Lecture 14: Regular Expressions

Regular expressions--and their underlying finite-state automata--are useful in many different applications, and are central to text processing languages and tools such as `awk`, `Perl`, `emacs` and ` grep`.

Regular expression pattern matching has a simple and elegant implementation in SML using continuation passing.

Key Concepts

• Formal language
• Finite-state automaton
• Regular expression
• Continuation passing
• Proof-directed debugging

Example evaluation of the matcher

The notes linked below discuss regular expressions.

The notes also discuss proofs of correctness, a topic we will examine during the next lecture. The two sets of notes approach proofs of correctness for our regular expression matcher in slightly different ways:

• The first set of notes proves that the matcher returns true if and only if it is given 'good' input. Here 'good' means that the input string can be split into a prefix and a suffix, such that the prefix is in the language of the given regular expression and the given continuation returns true when called on the suffix. (See the specs for match. Also note that the actual code converts strings to lists of characters, for simplicity.)
• The second set of notes shows that the matcher returns true if it is given 'good' input and returns false otherwise.

These are slightly different perspectives, and lead to slightly different proof techniques. Let's suppose that the matcher and all continuations involved are total, i.e., always return either true or false. This requires proof, but let's suppose we know it.
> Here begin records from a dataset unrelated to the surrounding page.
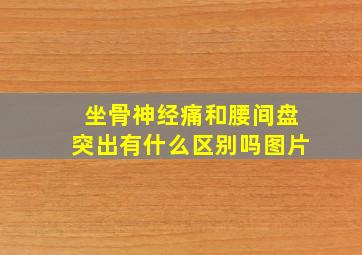 坐骨神经痛和腰间盘突出有什么区别吗图片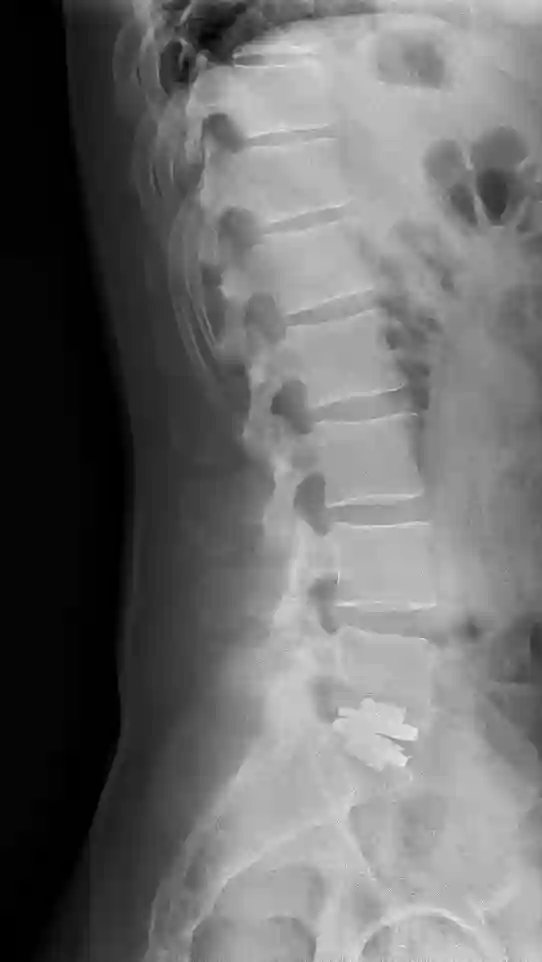 Röntgen lumbale Bandscheibenprothese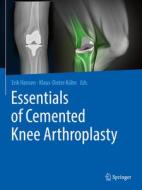 Essentials of Cemented Knee Arthroplasty edito da Springer Berlin Heidelberg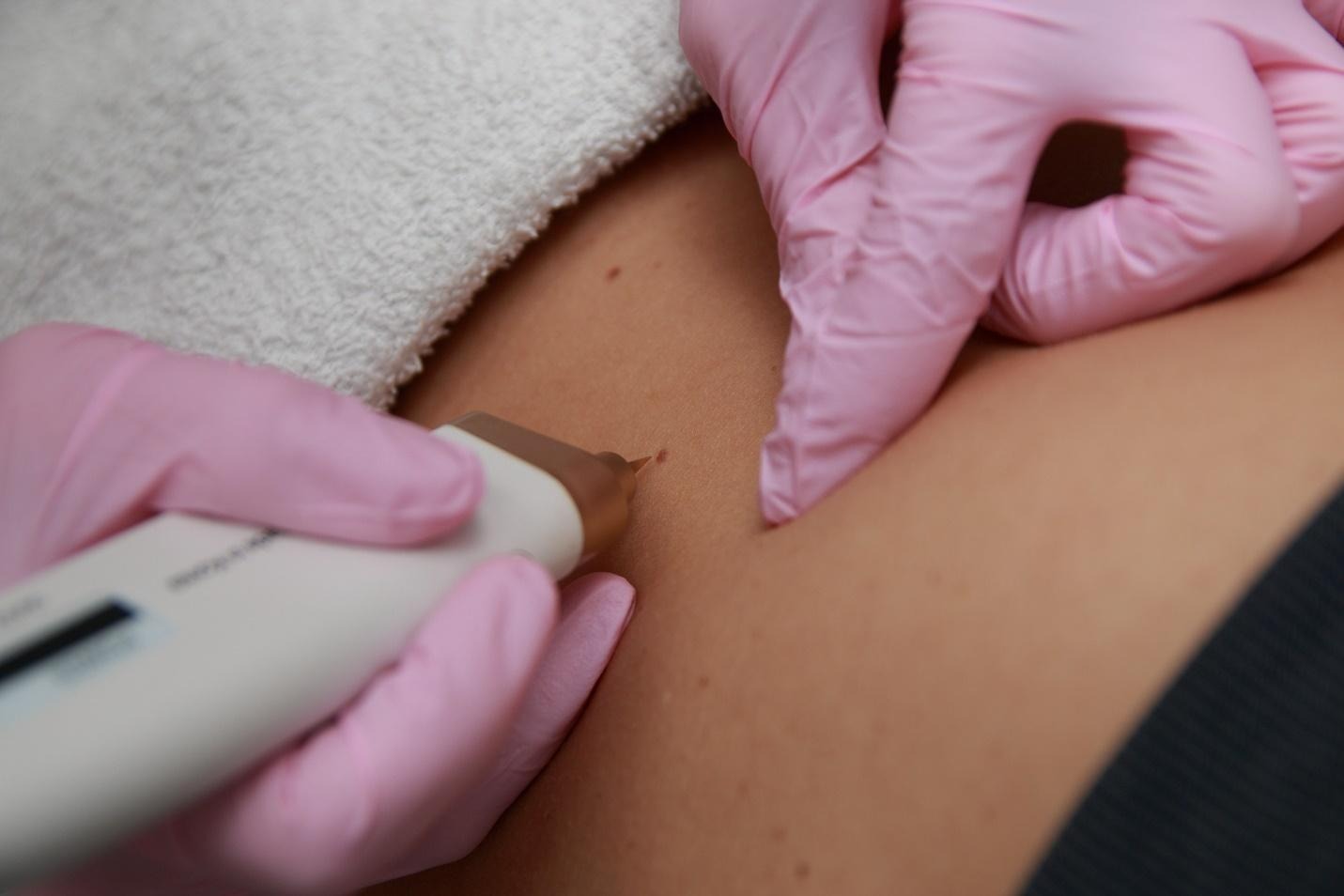 skin tag treatments.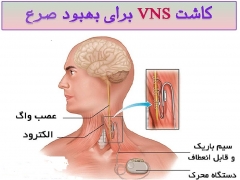 بهبود صرع با کاشت دستگاه  VNS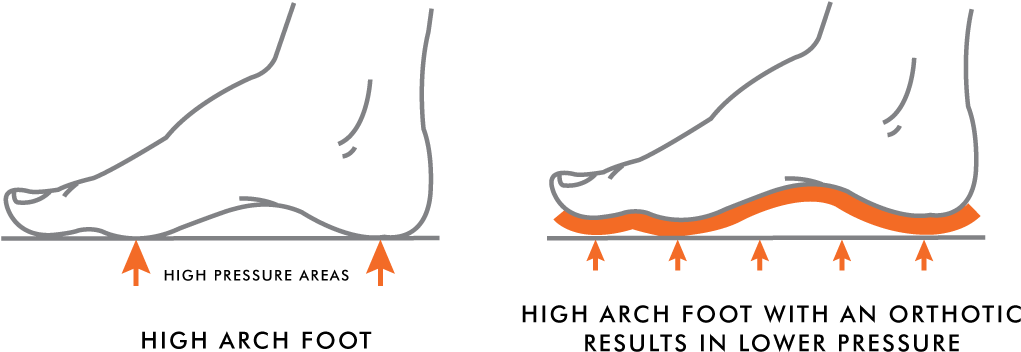High Arches Vs Low Arches - High Arches Vs Low Arches (1155x512)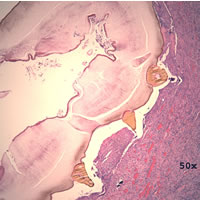 Case 98 Image A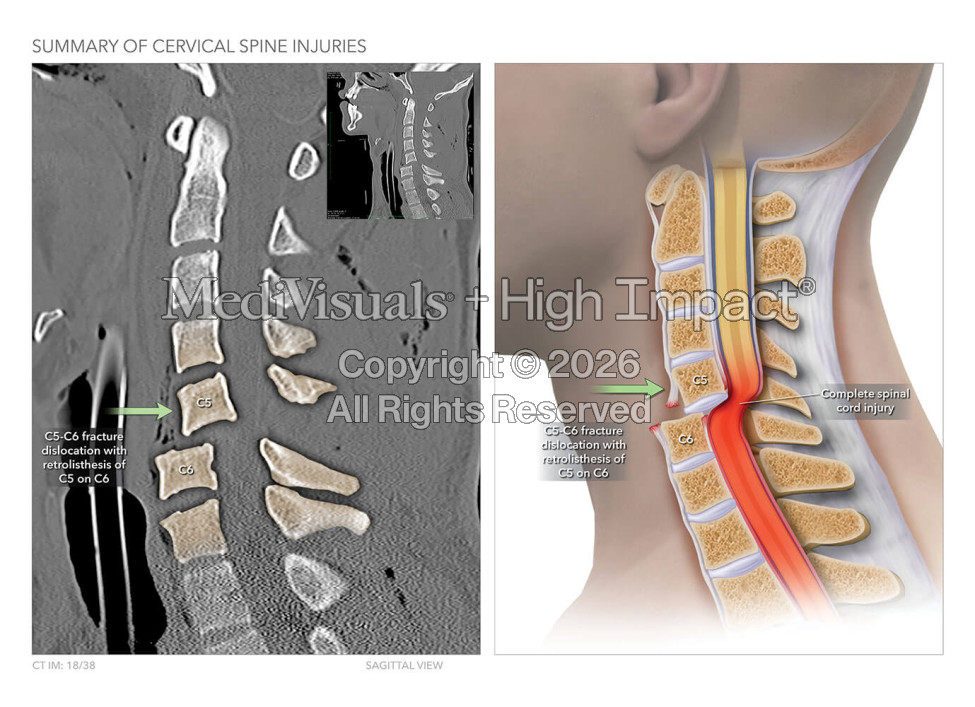 Summary of Cervical Spine Injuries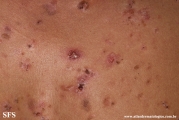 pemphigus vulgaris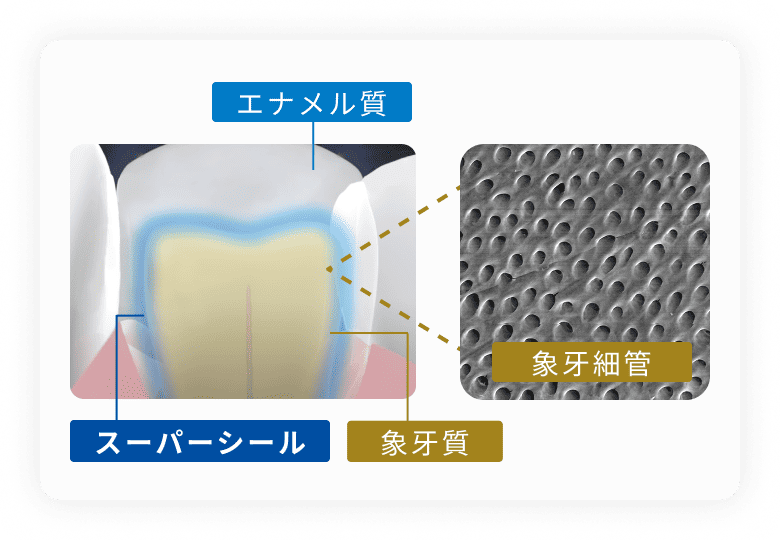 痛み対策に特化したスーパーシール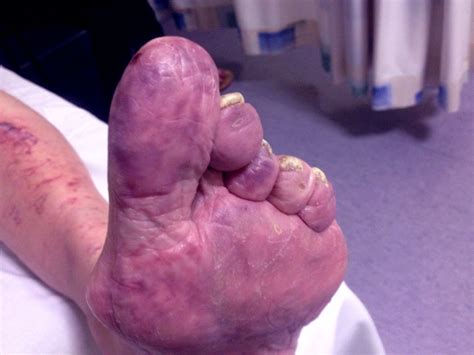Warfarin Induced Purple Toe Syndrome Successfully Treated With Apixaban
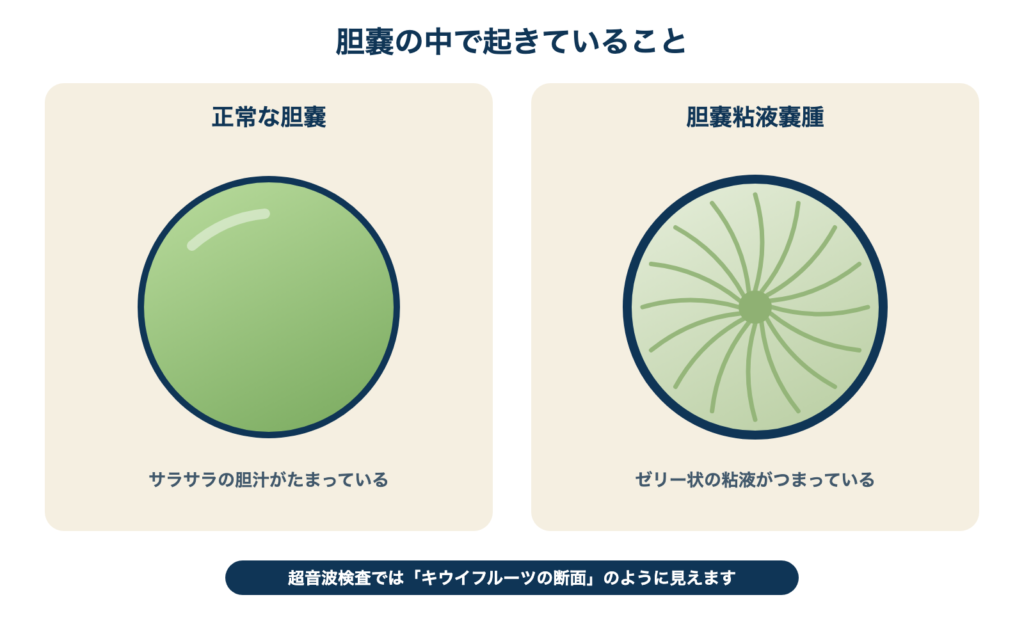 正常な胆嚢と胆嚢粘液嚢腫の比較。正常はサラサラの胆汁、粘液嚢腫はゼリー状の粘液がつまり、超音波ではキウイフルーツの断面のように見える。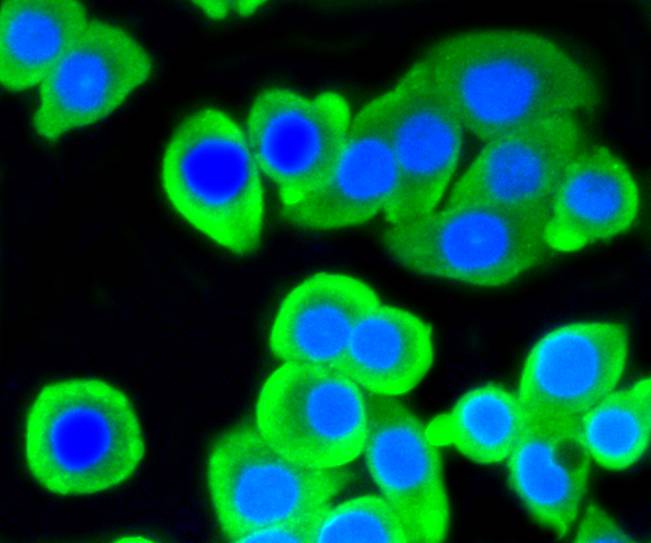 ATP citrate lyase Rabbit mAb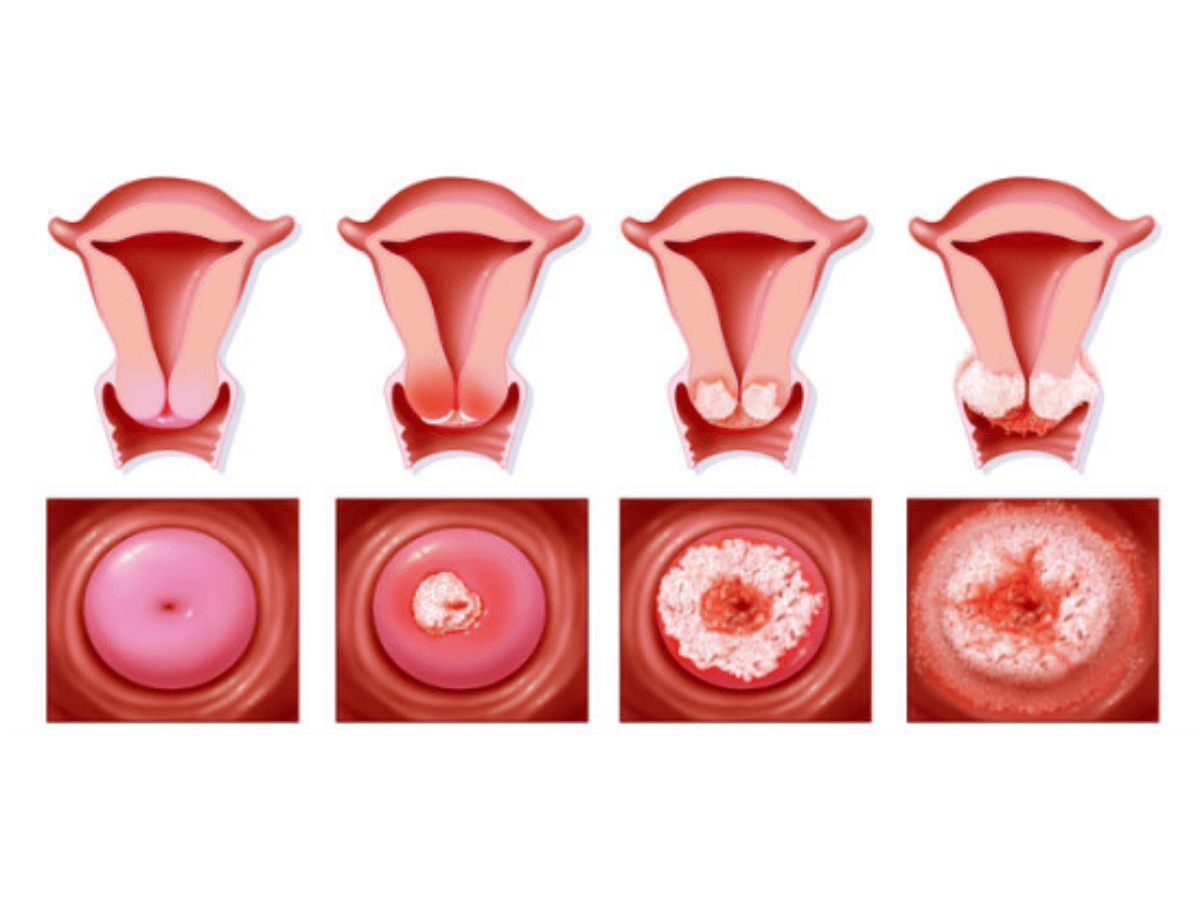 Fases desarrollo cáncer cervical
In that case, the two perspectives on how to prove correctness are logically equivalent. It is largely a matter of taste and convenience which one to pick. Previous experience in 15-150 suggests that the first proof perspective, namely "matcher returns true iff 'good' input" is conceptually simpler.

The first set of notes works out a correctness proof in detail, using the simpler-to-follow proof technique we just mentioned. It is a long proof, but an excellent template for how to prove facts about the regular expression matcher. When doing a homework assignment, this set of notes is a useful reference and template. The second set of notes is useful in part because of its brevity. These notes are a good way to get a concise overall perspective on the key issues involved in regular expression matching. The notes only outline a proof, so do not use them as a template for doing 15-150 assignments.

The second set of notes also discuss standardization of regular expressions.